宅建の「自ら売主制限(8種制限)」とは?覚え方と試験対策を解説
試験詳細
2025年09月04日


宅建士試験の中でも、「自ら売主制限(8種制限)」は毎年のように出題される重要テーマです。宅建業者が自ら売主となる取引では、買主が一般消費者であることが多く、知識や経験の差から不利益を受けやすいため、業者に一定の制限を課す仕組みが整えられています。
本試験では、この8つの制限の内容や細かい数字を正確に理解しているかどうかが問われます。覚えることが多く難しく感じやすい分野ですが、制度の目的を意識しながら、語呂合わせや表を使って整理すれば効率よく暗記できます。
この記事では、「自ら売主制限(8種制限)」がどのような場面で適用されるのかを確認したうえで、8つの制限内容を一覧にして整理します。この分野を得点源にするためにも、ぜひ覚え方のコツやポイントを確認してみてください。
【目次】
1.自ら売主制限(8種制限)とは?
「自ら売主制限(8種制限)」とは、宅建業者が自ら売主として宅地や建物を販売する際に課される特別なルールのことです。

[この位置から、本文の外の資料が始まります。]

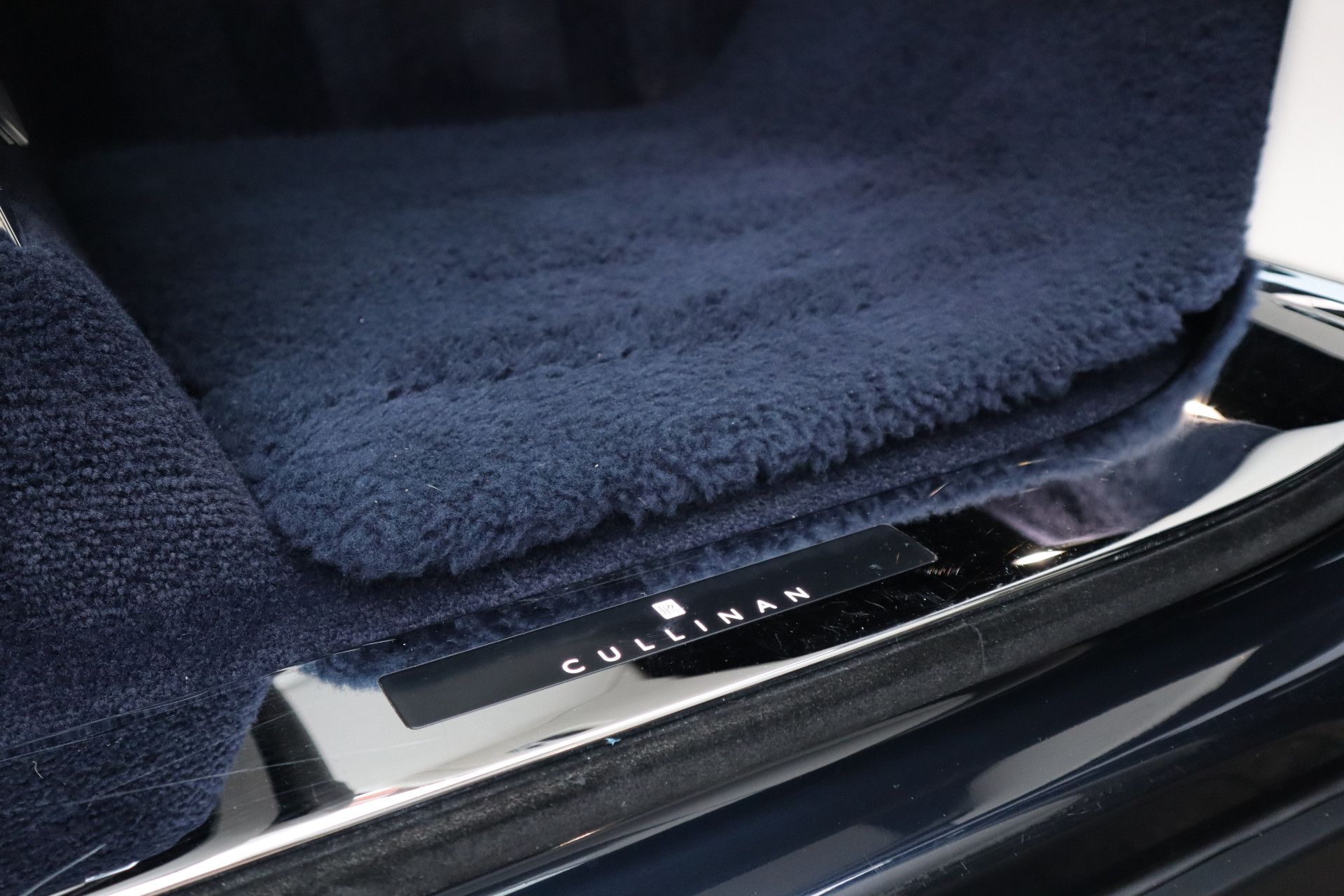 Afbeelding Rolls-Royce Cullinan 6.75 V12 | Bespoke Audio, Massage, Entertainment, Nachtzicht, Panoramadak, Trekhaak, Stoelverwarming, Stuurverwarming, ACC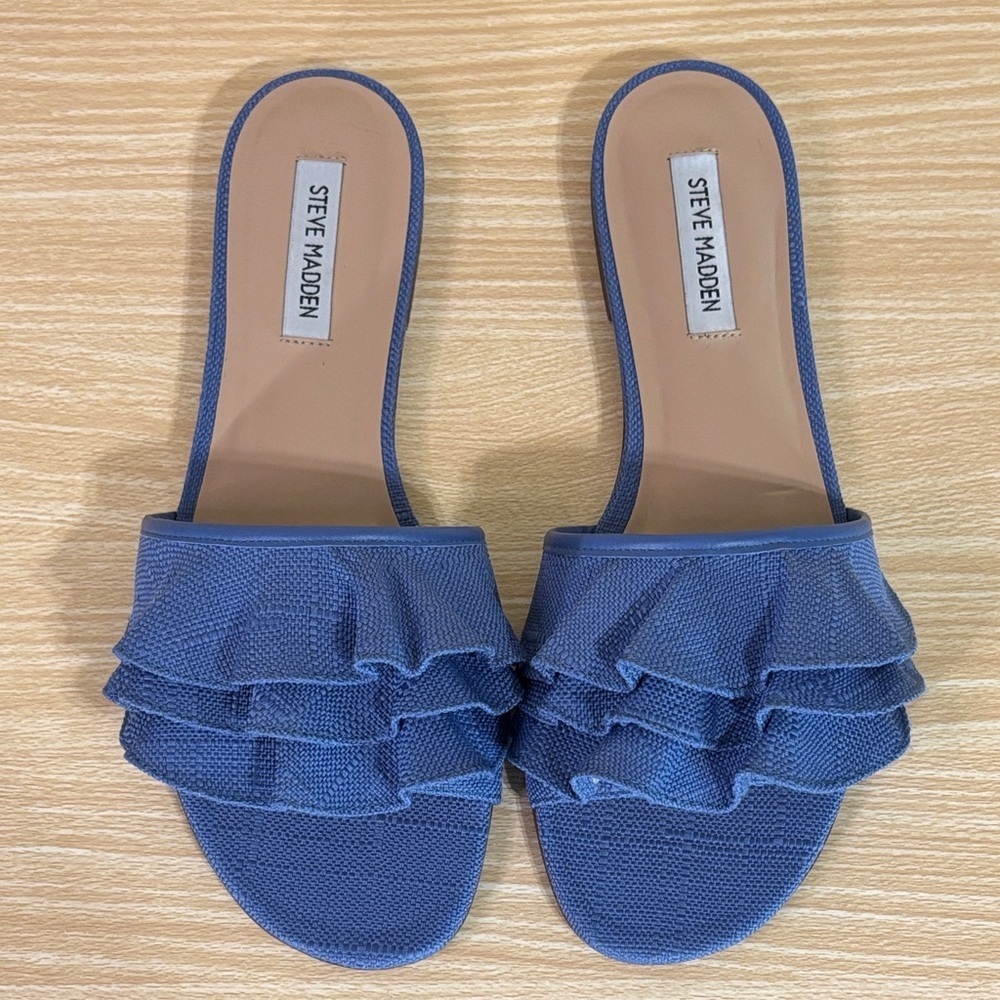 Steve Madden Blue Ruffle Slide Sandals Women’s Size 11 Fabric Flats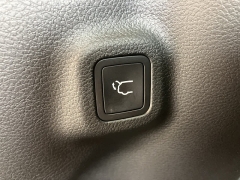 Used 2025 Jeep Compass Latitude 4x4 at Suburban Ford of Sterling Heights near Sterling Heights, MI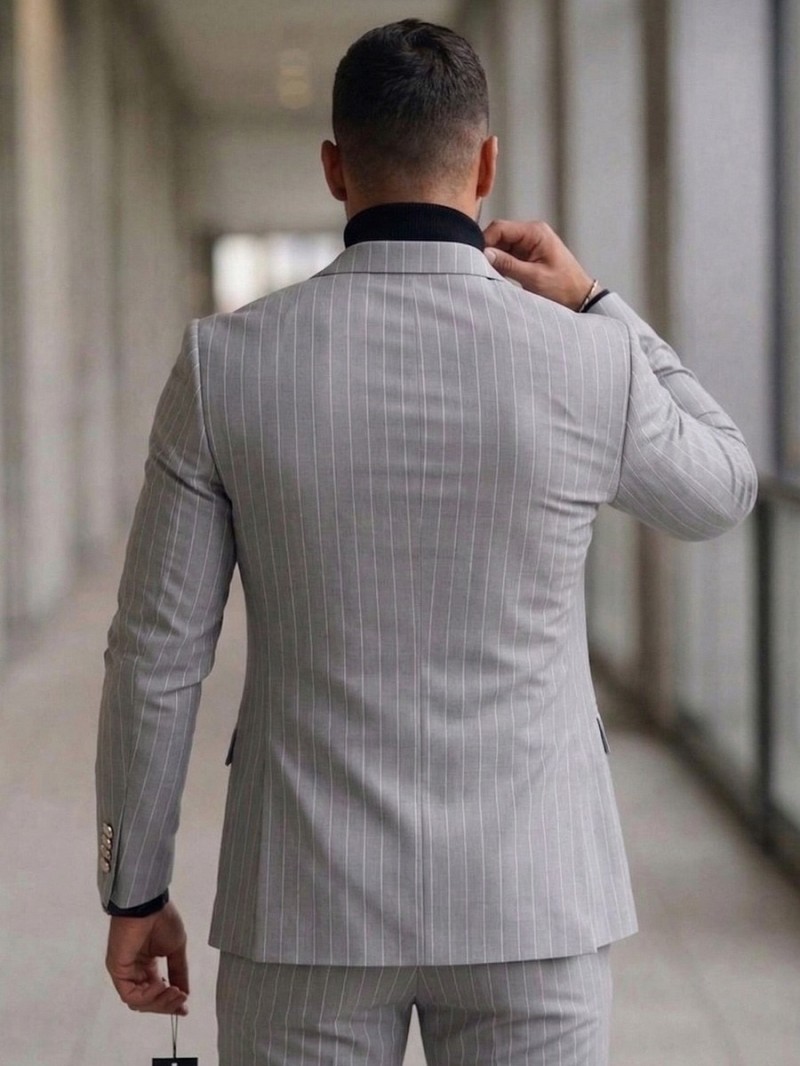 Açık Gri Beyaz Çizgili Takım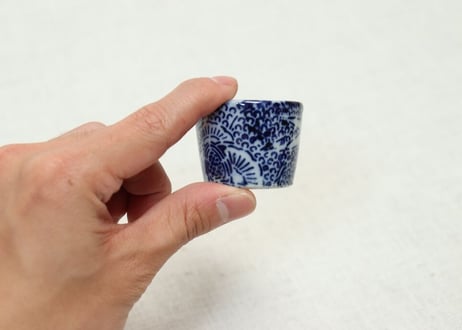 明治前期紙刷微塵唐草に松竹図小猪口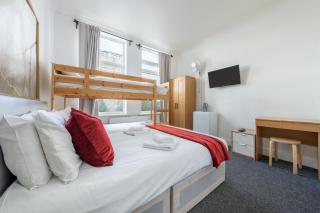 The Buross - Aldgate - London - 9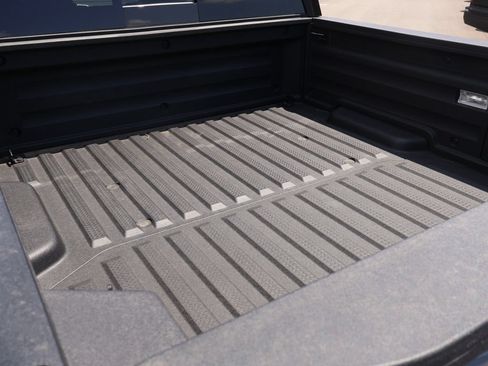 New 2026 Honda Ridgeline Black Edition image 9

宅建業者は不動産取引の専門家であるため、知識や経験の少ない一般消費者と比べると立場が強くなりやすい傾向があります。そのままでは消費者が不利益を受ける可能性があるため、宅建業法で8つの制限を定めて、取引の公平性を確保しています。
宅建士試験では、この8種制限の内容や数字が頻繁に出題されるため、内容を正確に理解しておく必要があります。制度の背景を押さえておけば、単なる「暗記」ではなく「理解」して身につき、応用問題にも対応しやすくなります。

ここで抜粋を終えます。